Donnerstag, 4. April 2019
Bagatelle 331 - Zungenflöte
Der Hochschuldirektor, dessen hochschulischen Ausbildungsstätte ich vor nun schon sehr vielen Jahren besuchte, hieß mit Nachnamen Roosjen. Auf Deutsch: Röslein. (Doch, das auf der Heide.) Seinen Vornamen wusste man nicht, nur dass der mit F. anfing. Wahrscheinlich Frits, Frederik oder Franz-Ferdinand, wer weiß. Den Herrn Roosjen mochten wir alle sehr, besonders weil er während seines Französischunterricht oft anfing musikalische Geschichten zu erzählen. Wegen ihn kenne ich jetzt noch einige Chansons auswendig.
Direktor Roosjen war auch derjenige der an einem Dienstag Anfang Mai jedes Jahres uns mitteilte, dass der Unterricht ab zehn Uhr ausfiele, weil Maimarkt war. Wir alle freuten uns sehr und zogen dahin.

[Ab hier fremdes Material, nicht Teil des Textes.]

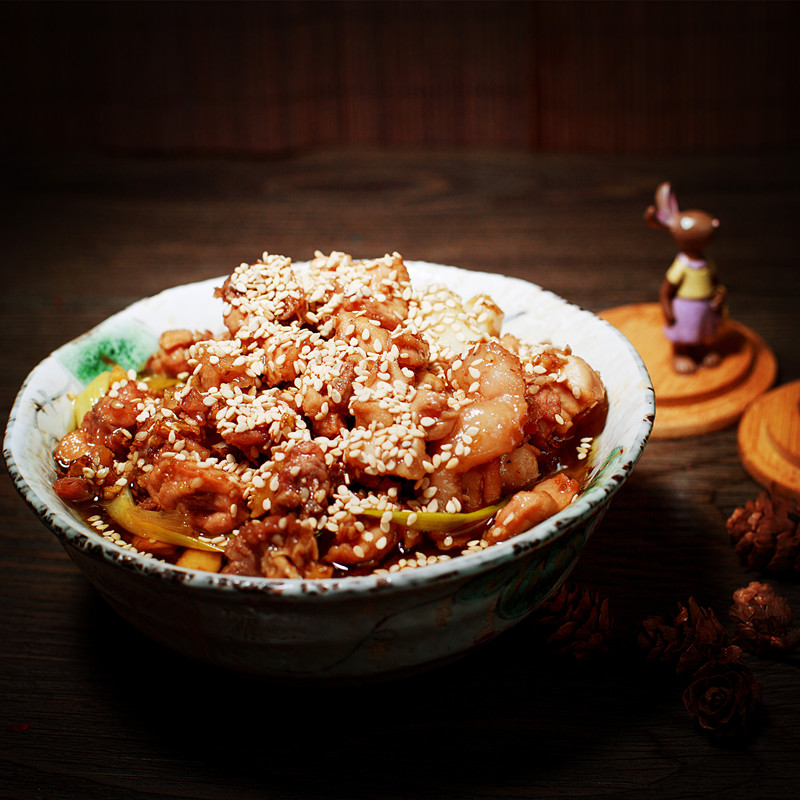 兔娘/五香味冷吃兔 四川自贡特产小吃 熟食麻辣兔丁香辣兔200g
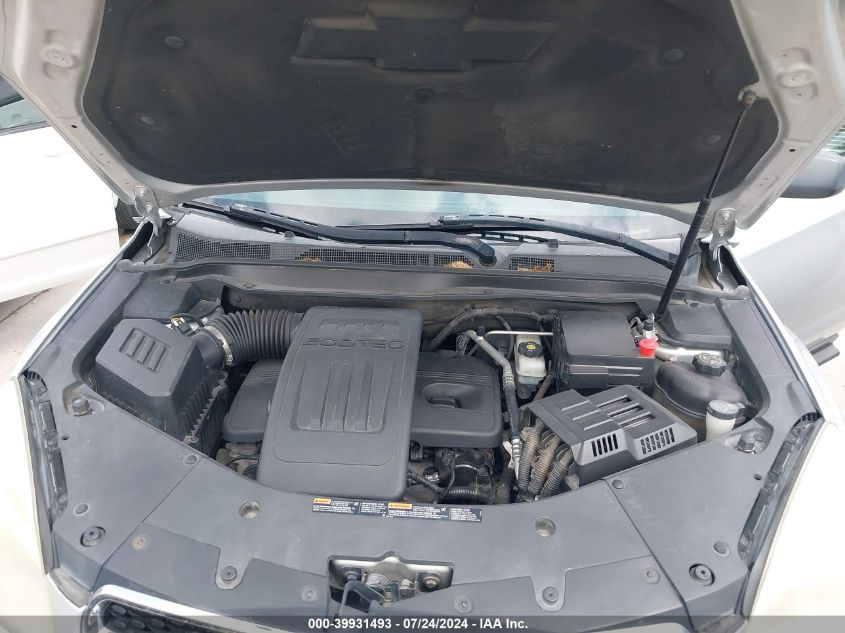 2011 Chevrolet Equinox Ls VIN: 2CNFLCEC9B6380337 Lot: 39931493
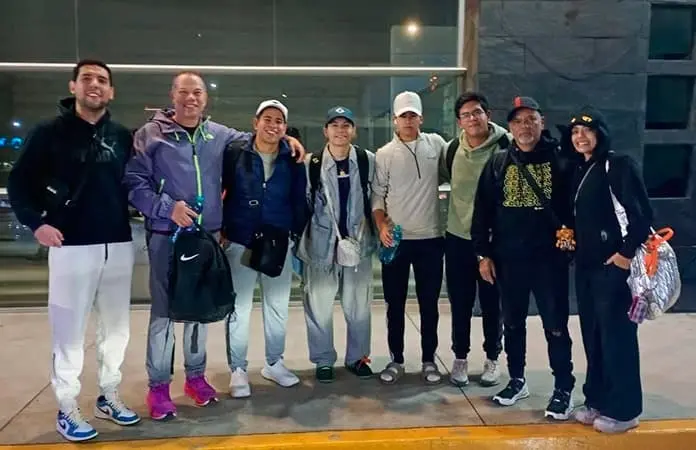 SLP presente en el Golden State Open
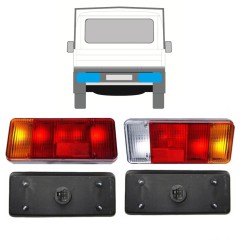 Zadnja luč za Peugeot Boxer 2006-2014 / Levo+Desno / Komplet 14067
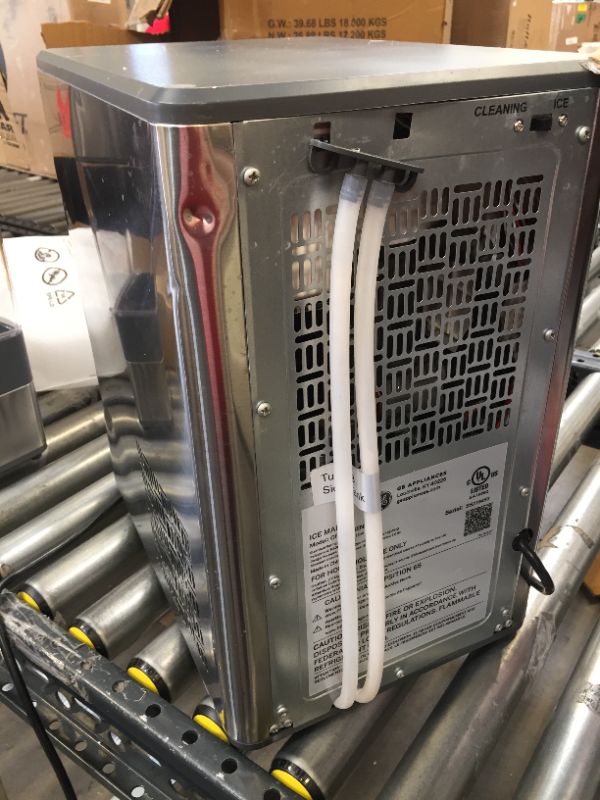 Photo 1 of GE Profile Opal Countertop Nugget Ice Maker with Side Tank Portable Ice Machine Makes up to 24 lbs. of Ice Per Day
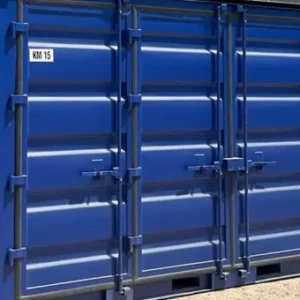 container 15 pieds open side occasion – accès latéral complet et stockage sécurisé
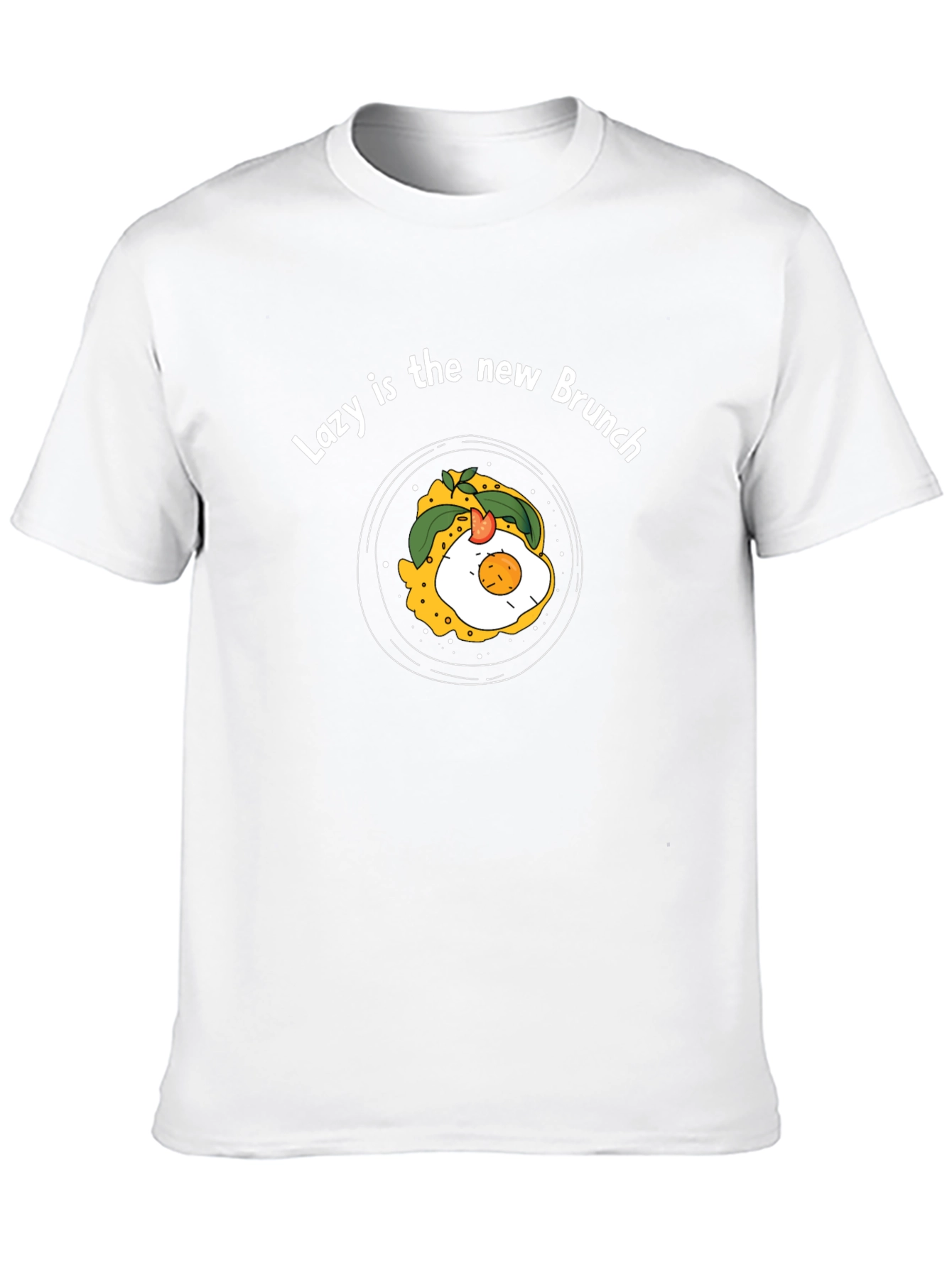 Lazy Brunch T-Shirt - Comfort & Style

Etwas seitlich, also nicht in der Menge Kauflustigen, befand sich der stillere, angenehmere Teil des Maimarktes. Dort hatte ein Kaufmann – Künstlertyp mit Künstlerhut – seine Ware – noch eingepackt und versiegelt – ausgestellt. Inmitten stand ein alles Koffergrammophon. Als drei Zuschauer verwundert stehen blieben, nahm der Kaufmann vorsichtig eine 78-er Schellackplatte, legte die auf das Grammophon, drehte an dem Schlinger, leitete die Nadel in die erste Grube: und da klang wunderschöne Musik. Etwas wienerisches so zu hören: Wiener Blut oder ähnliches. Plötzlich nahm der Grammophonmann aus einer Kiste eine einfache Pan-Flöte – ein drei-eckiges Instrument aus Bambus – und spielte begleitet von seinem Grammophon alle Noten die er auf seiner Flöte finden konnte. Herrlich und sehr musikalisch. Dann wechselte er seine Pan-Flöte für einen metallenen Irischen whistle und spielte fröhlich weiter. Schließlich nahm er eine Zungenflöte, Sie wissen: ein einfaches Stückchen Plastik, legte die auf seine Zunge und plötzlich klang dort die herrlichste Vogelmusik die man sich nur denken kann. Passend zu dem Schwalben im Wienerwald.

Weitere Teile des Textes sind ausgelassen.